207    Afin d’apprécier si le CRU a méconnu l’article 69, paragraphe 2, du règlement no 806/2014 lorsqu’il a déterminé le niveau cible annuel dans la décision attaquée, le Tribunal doit d’abord examiner d’office si cette décision est suffisamment motivée en ce qui concerne la détermination dudit niveau.

208    À cet égard, il convient de rappeler qu’un défaut ou une insuffisance de motivation constitue un moyen d’ordre public pouvant, voire devant, être soulevé d’office par le juge de l’Union (voir arrêt du 2 décembre 2009, Commission/Irlande e.a., C‑89/08 P, EU:C:2009:742, point 34 et jurisprudence citée).

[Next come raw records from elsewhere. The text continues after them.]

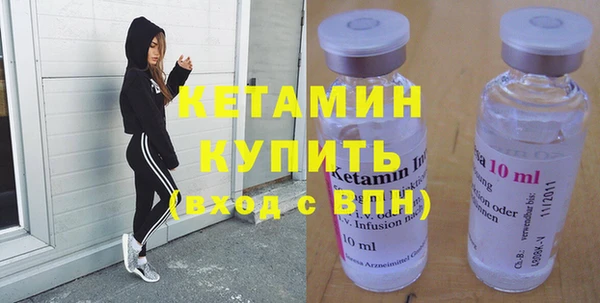 трава Балахна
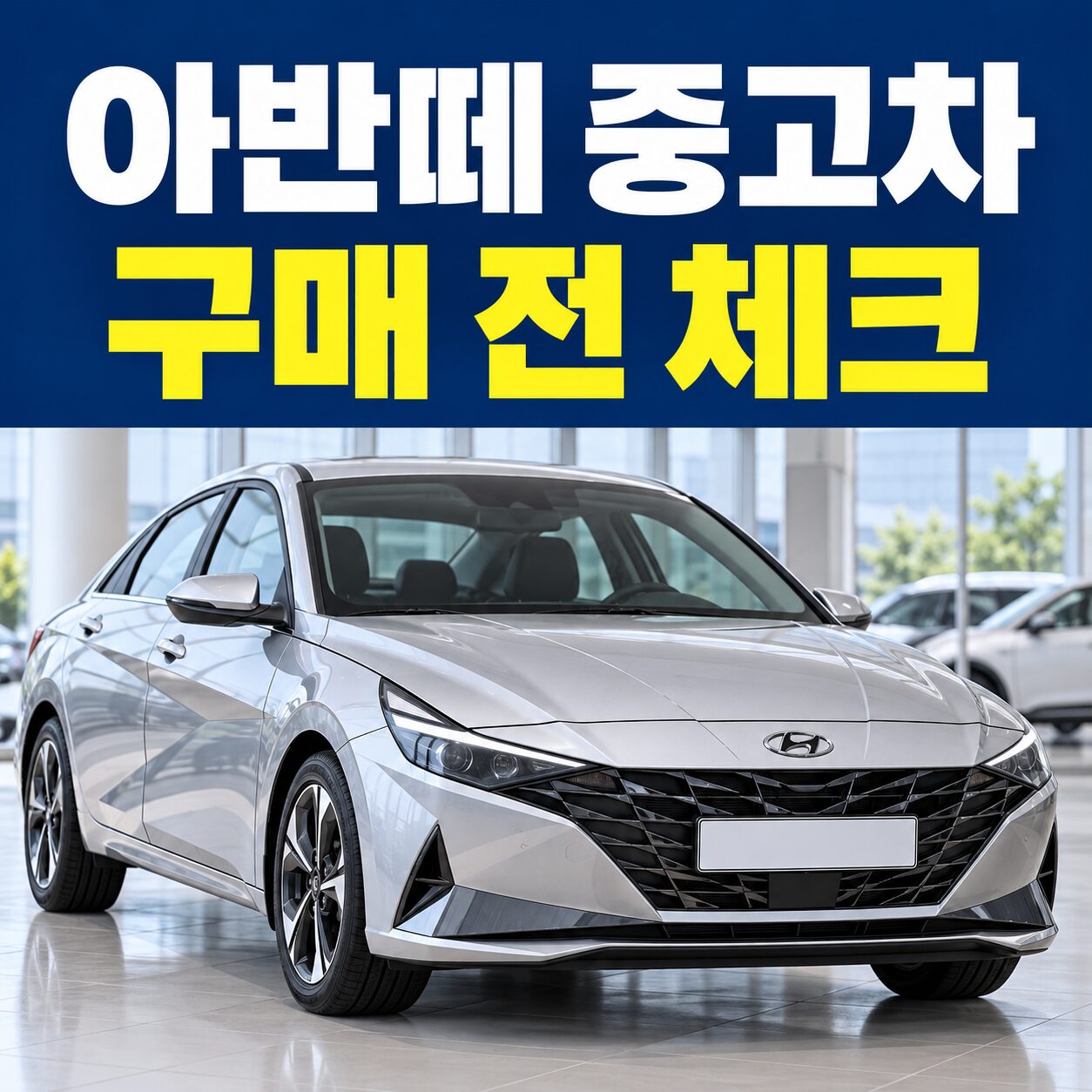 아반떼 중고차 시세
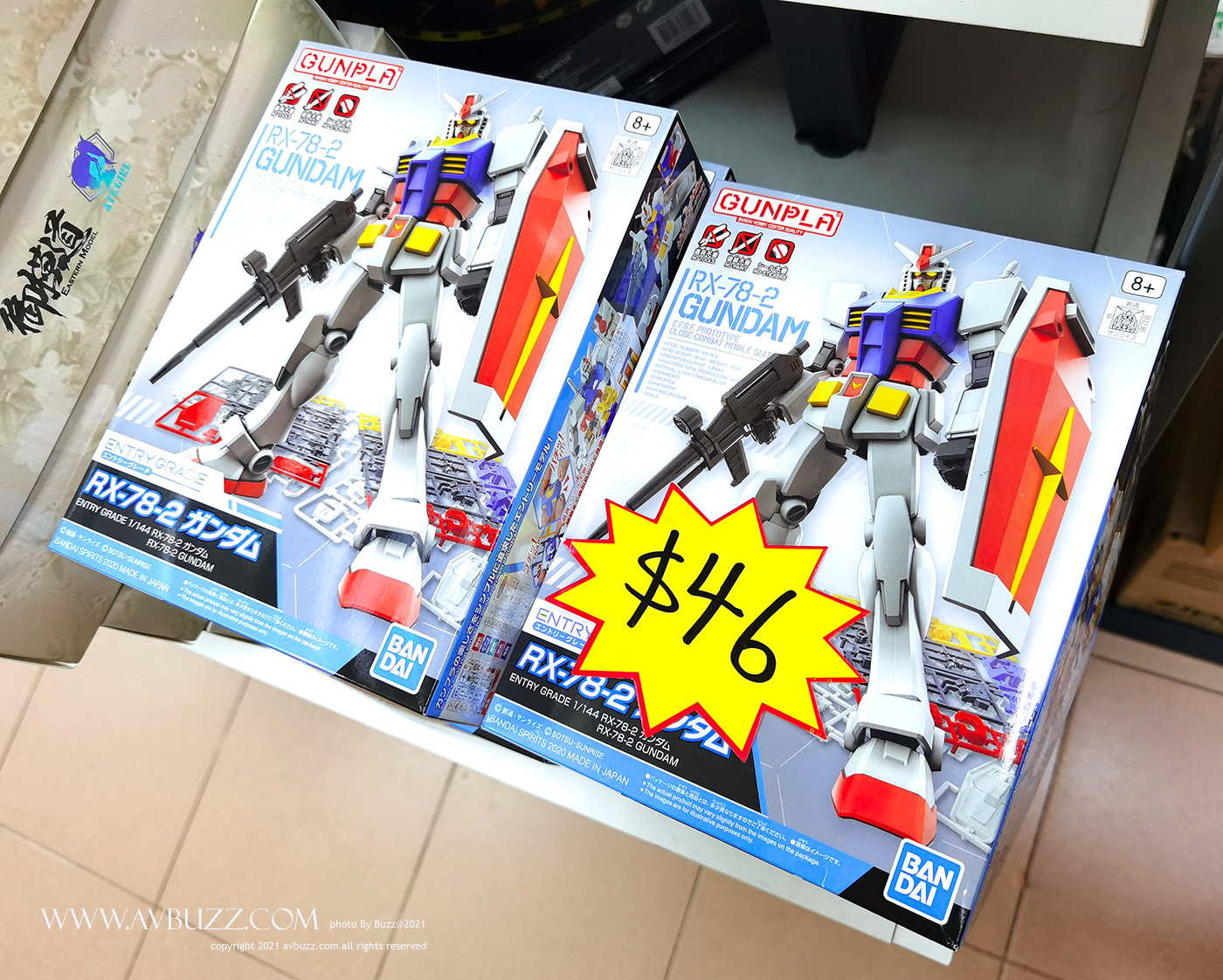 Gundam-Entry-Grade-78-200444002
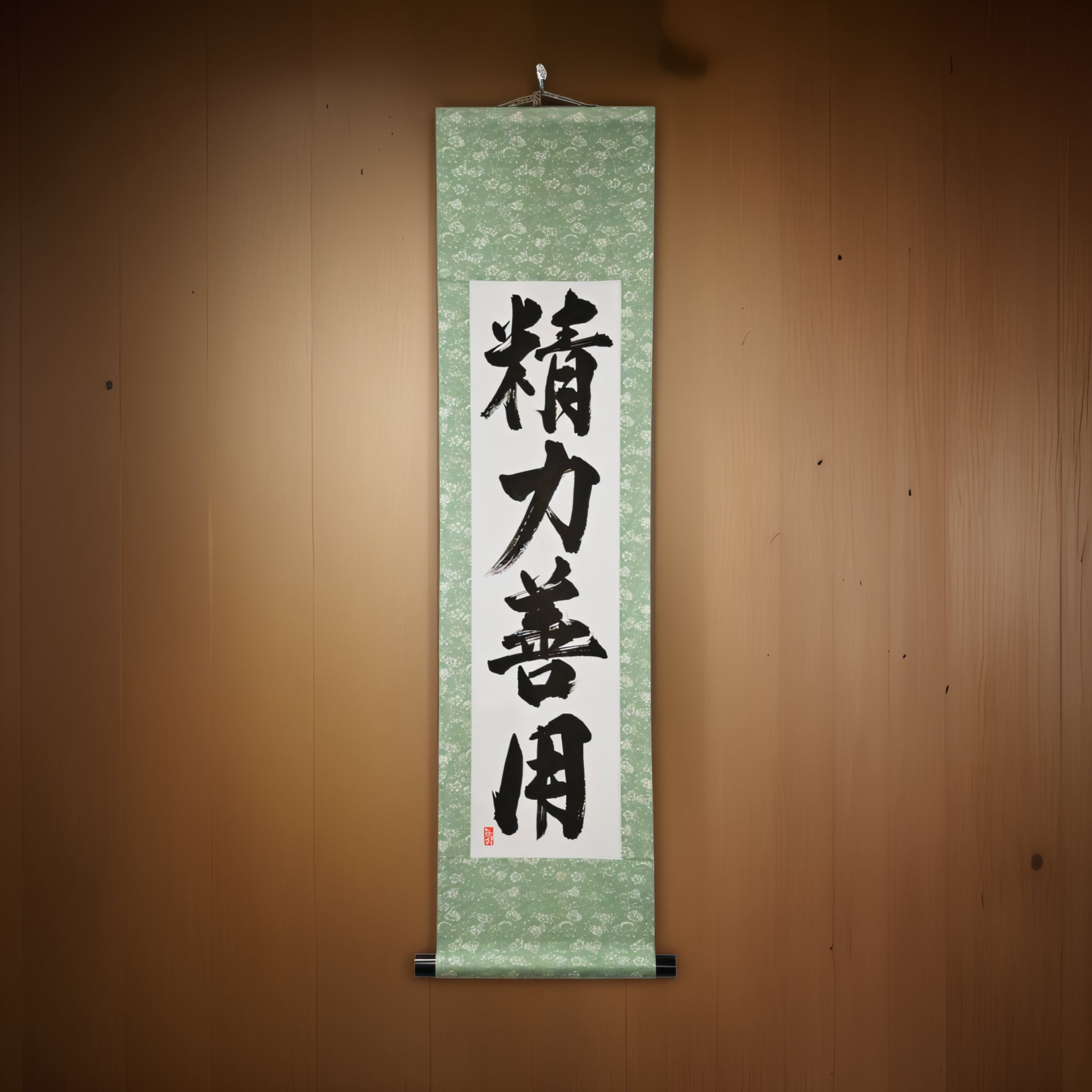 Uso de la Energía para el Bien en Judo — 精力善用 (Seiryoku-Zenyō) por Kumagon 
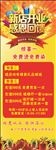 美发展架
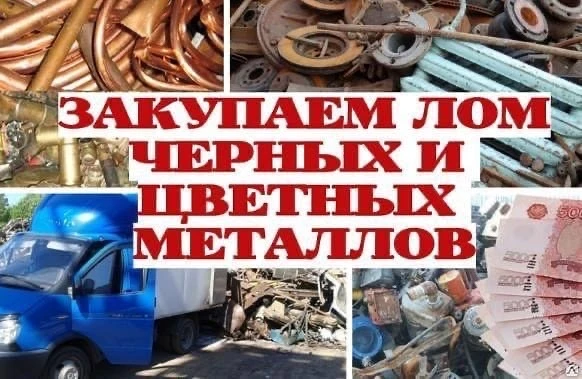 Фото вывезу куплю металлолом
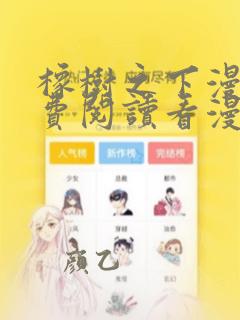 橡树之下漫画免费阅读看漫画下拉式爱漫画
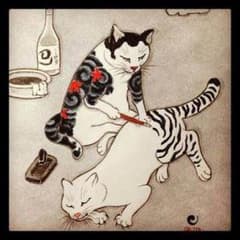 ゆた様専用のサムネイル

Par conséquent, le Tribunal peut, voire doit, prendre en compte également d’autres défauts de motivation que ceux invoqués par la requérante, et ce, notamment, lorsque ceux-ci se révèlent au cours de la procédure.

209    À cette fin, les parties ont été entendues, par une mesure d’organisation de la procédure et lors de l’audience, sur tous les éventuels défauts de motivation dont serait entachée la décision attaquée en ce qui concerne la détermination du niveau cible annuel.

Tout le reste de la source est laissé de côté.